Returns the absolute value of a number.

>>> ABS(2)
2
>>> ABS(-2)
2
>>> ABS(-4)
4

ACOS(value)#

Returns the inverse cosine of a value, in radians.

>>> round(ACOS(-0.5), 9)
2.094395102
>>> round(ACOS(-0.5)*180/PI(), 10)
120.0

ACOSH(value)#

Returns the inverse hyperbolic cosine of a number.

>>> ACOSH(1)
0.0
>>> round(ACOSH(10), 7)
2.9932228

ARABIC(roman_numeral)#

Computes the value of a Roman numeral.

>>> ARABIC("LVII")
57
>>> ARABIC('mcmxii')
1912

ASIN(value)#

Returns the inverse sine of a value, in radians.

>>> round(ASIN(-0.5), 9)
-0.523598776
>>> round(ASIN(-0.5)*180/PI(), 10)
-30.0
>>> round(DEGREES(ASIN(-0.5)), 10)
-30.0

ASINH(value)#

Returns the inverse hyperbolic sine of a number.

>>> round(ASINH(-2.5), 9)
-1.647231146
>>> round(ASINH(10), 9)
2.99822295

ATAN(value)#

Returns the inverse tangent of a value, in radians.

>>> round(ATAN(1), 9)
0.785398163
>>> ATAN(1)*180/PI()
45.0
>>> DEGREES(ATAN(1))
45.0

ATAN2(x, y)#

Returns the angle between the x-axis and a line segment from the origin (0,0) to specified coordinate pair (x,y), in radians.

>>> round(ATAN2(1, 1), 9)
0.785398163
>>> round(ATAN2(-1, -1), 9)
-2.35619449
>>> ATAN2(-1, -1)*180/PI()
-135.0
>>> DEGREES(ATAN2(-1, -1))
-135.0
>>> round(ATAN2(1,2), 9)
1.107148718

ATANH(value)#

Returns the inverse hyperbolic tangent of a number.

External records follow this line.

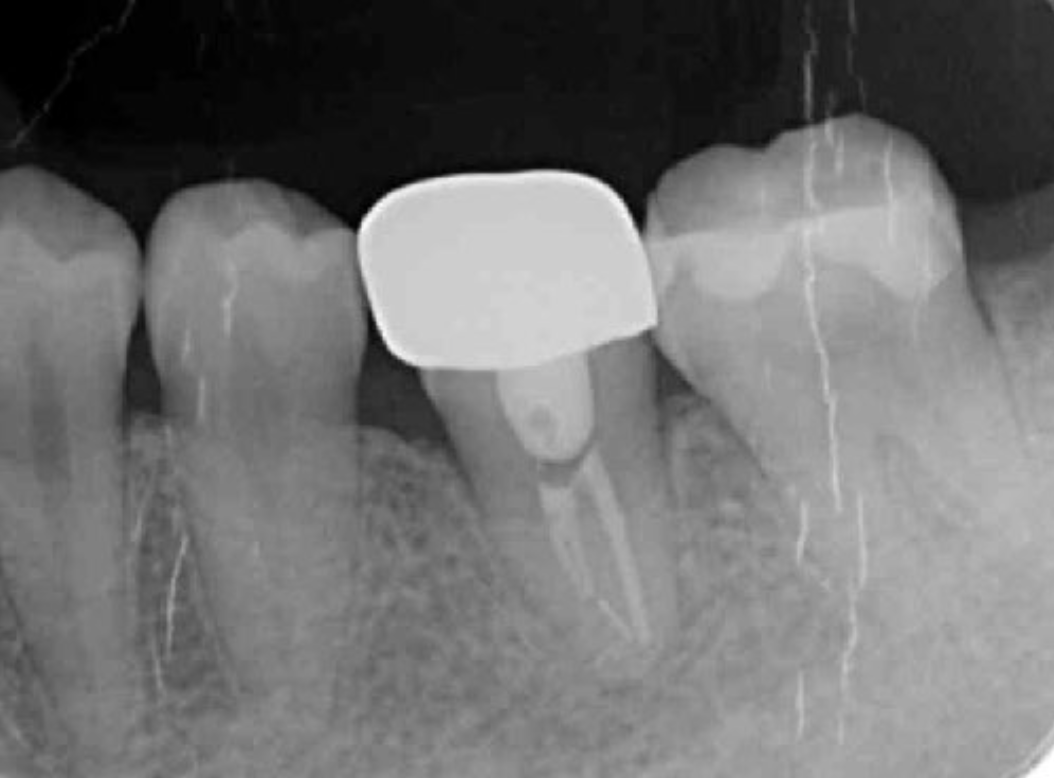 Intraoral photo obtained after setting the donor tooth into the socket of the recipient.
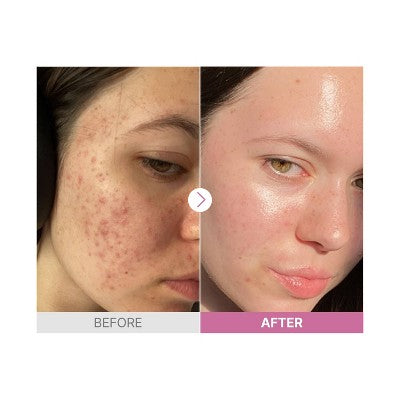 COSRX The Niacinamide 15 Üz Serumu - 20ml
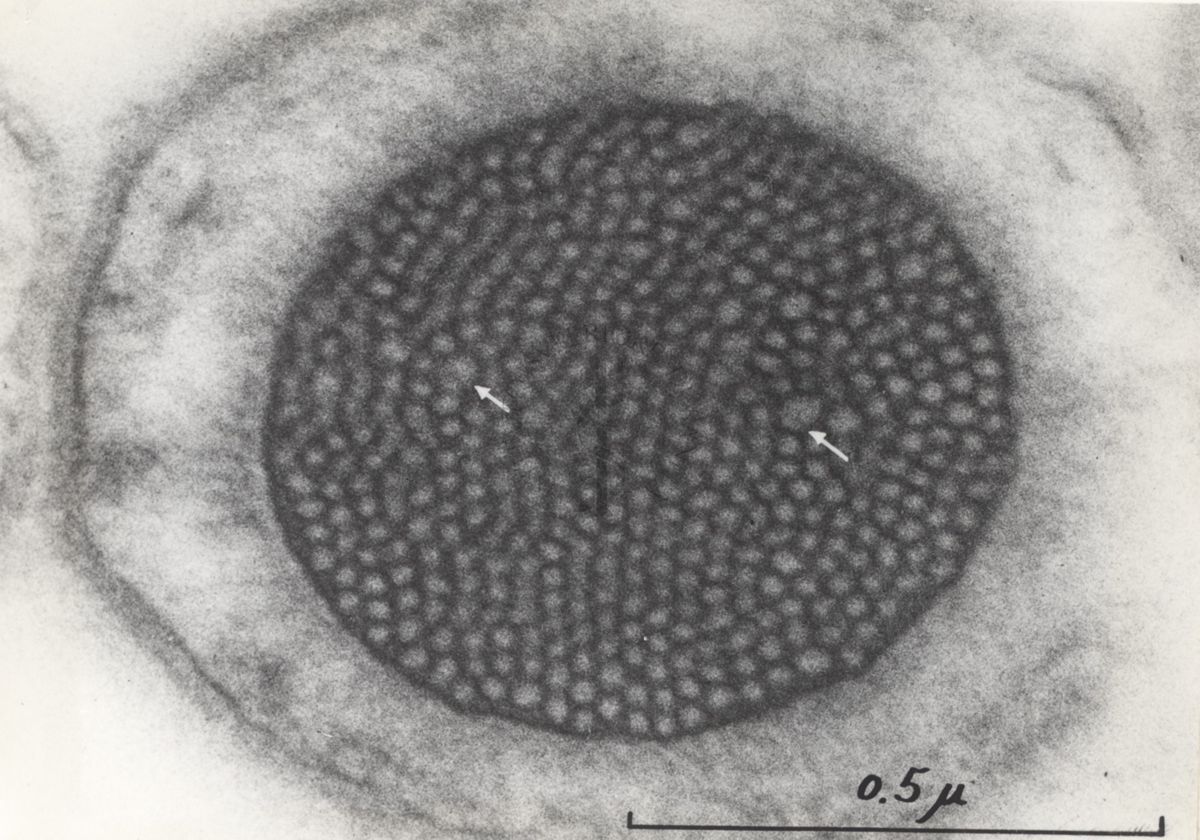 La spermatogenesi studiata al Microscopio elettronico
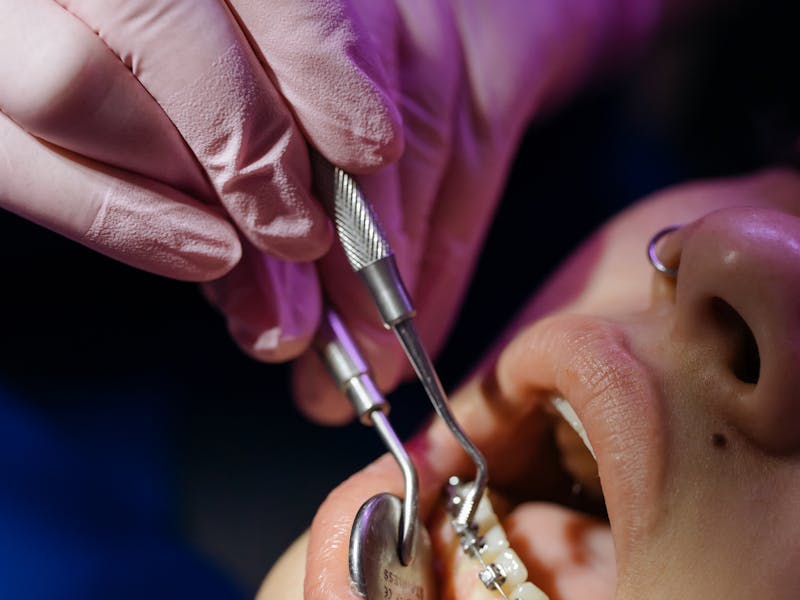 Dental Filling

>>> round(ATANH(0.76159416), 9)
1.00000001
>>> round(ATANH(-0.1), 9)
-0.100335348

CEILING(value, factor=1)#

Rounds a number up to the nearest multiple of factor, or the nearest integer if the factor is omitted or 1.

>>> CEILING(2.5, 1)
3
>>> CEILING(-2.5, -2)
-4
>>> CEILING(-2.5, 2)
-2
>>> CEILING(1.5, 0.1)
1.5
>>> CEILING(0.234, 0.01)
0.24

COMBIN(n, k)#

Returns the number of ways to choose some number of objects from a pool of a given size of objects.

>>> COMBIN(8,2)
28
>>> COMBIN(4,2)
6
>>> COMBIN(10,7)
120

COS(angle)#

Returns the cosine of an angle provided in radians.

>>> round(COS(1.047), 7)
0.5001711
>>> round(COS(60*PI()/180), 10)
0.5
>>> round(COS(RADIANS(60)), 10)
0.5

COSH(value)#

Returns the hyperbolic cosine of any real number.

>>> round(COSH(4), 6)
27.308233
>>> round(COSH(EXP(1)), 7)
7.6101251

DEGREES(angle)#

Converts an angle value in radians to degrees.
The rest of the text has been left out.